Sebuah tanah seluas dua hektare di Desa Ujung Bandar, Rantau Selatan, Labuhanbatu tidak hanya sekadar aset bagi keluarga Ramali Siregar, tetapi juga merupakan bagian dari sejarah mereka. Namun, ketika lahan warisan ini diduga dialihkan menjadi milik empat perusahaan dan lima individu dengan sertifikat terbitan 1995, kecurigaan pun muncul. Putusan Pengadilan Negeri Rantau Prapat yang memenangkan para tergugat pada bulan Juni lalu semakin memperkuat kecurigaan akan adanya mafia tanah dan mafia peradilan di daerah tersebut.

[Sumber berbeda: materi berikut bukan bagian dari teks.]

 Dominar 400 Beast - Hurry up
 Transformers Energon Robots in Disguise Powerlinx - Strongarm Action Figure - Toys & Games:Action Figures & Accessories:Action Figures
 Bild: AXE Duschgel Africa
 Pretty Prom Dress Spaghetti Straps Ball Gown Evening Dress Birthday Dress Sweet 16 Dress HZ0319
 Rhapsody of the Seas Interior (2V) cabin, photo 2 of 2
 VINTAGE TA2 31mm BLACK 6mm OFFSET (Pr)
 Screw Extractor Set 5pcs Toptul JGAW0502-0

Untuk menegakkan keadilan, ibu Jurtini Siregar dan LSM KCBI mendatangi DKI Jakarta untuk menggugah pemerintah pusat, aparat penegak hukum, dan Komisi Yudisial. Mereka menginginkan kasus perampasan tanah dan dugaan rekayasa bukti ini diusut hingga ke akarnya. LSM KCBI menilai vonis PN Rantau Prapat sebagai bentuk pelanggaran terhadap logika hukum, di mana bukti-bukti yang jelas diabaikan.

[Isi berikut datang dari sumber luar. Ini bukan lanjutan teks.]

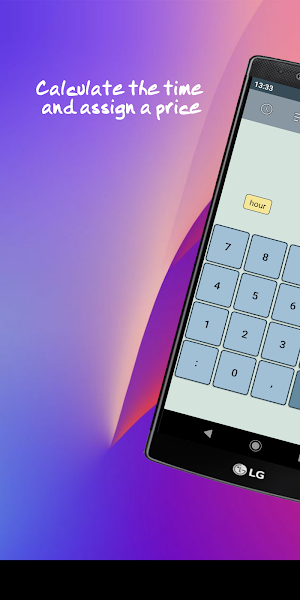 Hour Calculator for Work - Time Calc - Salary Calc Screenshot 0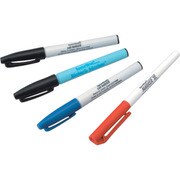 AS ラボ用マーカー極細1451 10本入 2-5674-02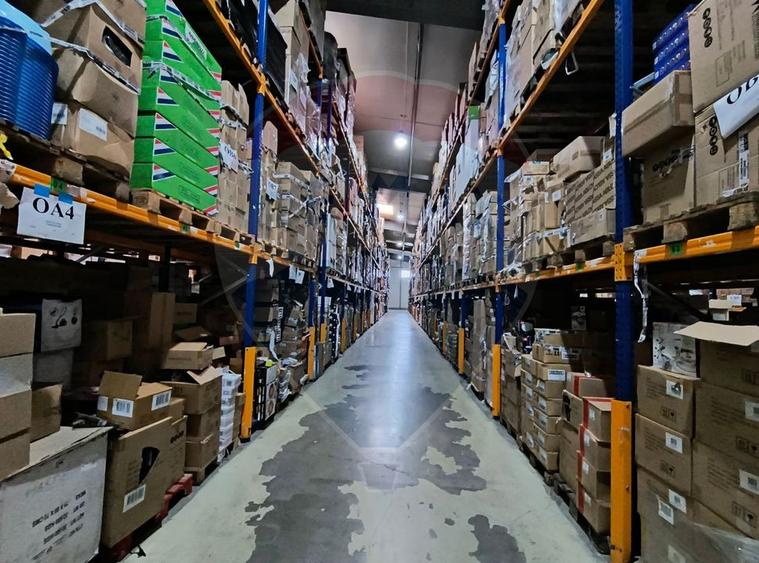 Spațiu industrial, hala, depozit logistic showroom si birouri premium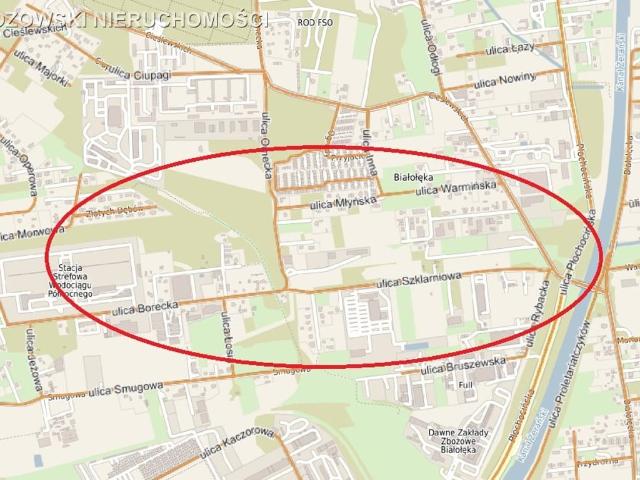 Działka na sprzedaż, Warszawa, Białołęka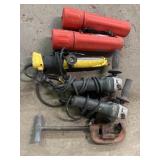 Light pipe cutter metabos welding cases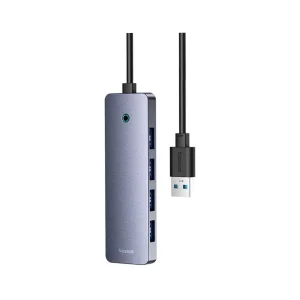 هاب 4 پورت USB بیسوس مدل UltraJoy Series 4-Port BS-OH080
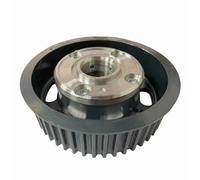 Compatible Avec Peugeot Pour 407 Pour 607 Pour 807 0805F9 9647776980 Poulie Courroie Phaseur D'arbre À Cames Remplacements Moteur Voiture pignon de calage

Menghadapi situasi ini, langkah-langkah lanjut telah dipersiapkan, seperti banding ke Pengadilan Tinggi Medan, pelaporan ke KPK dan Komisi Yudisial, serta permohonan perlindungan saksi. Selain itu, petisi publik dan koalisi sipil juga dilakukan untuk mendukung upaya membersihkan praktik mafia agraria. Seruan pun dilayangkan kepada negara, termasuk Kementerian ATR/BPN, Mahkamah Agung, Kapolri, dan Kejaksaan Agung untuk menindaklanjuti masalah ini.
Kisah ibu Jurtini hanyalah satu dari ribuan korban perampasan tanah di Indonesia. Keadilan harus ditegakkan tanpa pandang bulu, dan keadilan yang tertunda sama dengan keadilan yang dinafikan. Hal ini menjadi tantangan bagi negara dalam melindungi hak-hak warganya, terutama dalam kasus-kasus seperti ini.